"Before I got into this, I didn't realise how long I would spend preparing my data versus how long I would spend doing the cool algorithm part."
That's what one client told Tanya Morton, an application engineering manager at MathWorks. Morton said that it's for that very reason -- because data cleansing can be so time-consuming and require so much fiddling -- that many companies should probably be thinking about investing more to improve their processes. In other words, spending a lot of time and energy on data cleaning quickly gets costly, so an investment upfront can save money later.
The causes of faulty data are multiple, from having a hodgepodge of different systems to relying on the wrong tools for data warehousing to business culture factors. The methods for ensuring you do have clean data are similarly numerous. Technology has made a difference in allowing you to spot rogue or missing data, but the view from data specialists is that if you want clean data there ultimately is no way to avoid wading in and getting your hands dirty.

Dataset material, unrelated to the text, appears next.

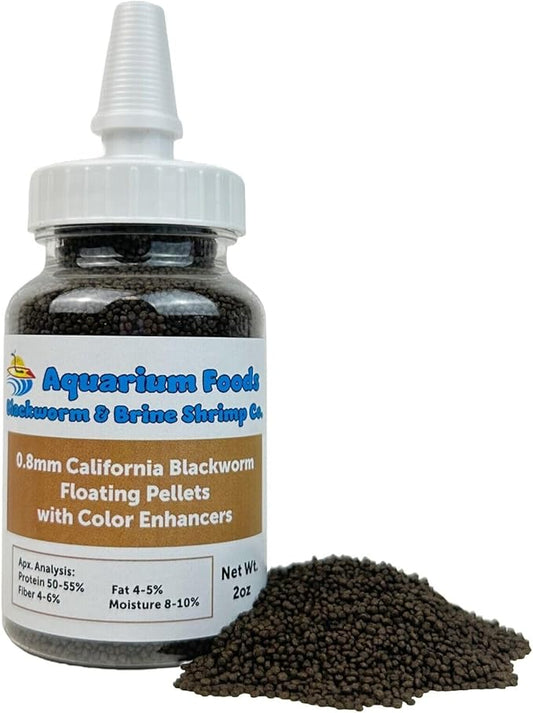 0.8mm Micro California Blackworm Floating Pellets w/Color Enhancers & Vitamins for Guppies, Tetras, Bettas, Nano Fish, All Baby Fish…2oz Squeeze Bottle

"People think that with all the high technology available now, how difficult can it be to clean the data? And the answer is extremely," said Simon Garland, chief strategist at Kx Systems. "And it's not what people want to hear. It's laborious and of course it's expensive. They keep hoping there's some shortcut."
Whatever the causes and whatever the solutions, consultants and data experts agree that the impact from not putting in sufficient effort to clean your data can be substantial. Whether it's for back-testing a new model, transaction cost analysis or satisfying compliance and regulatory requirements, data cleanliness is paramount and insufficient attention to that need can cost you money.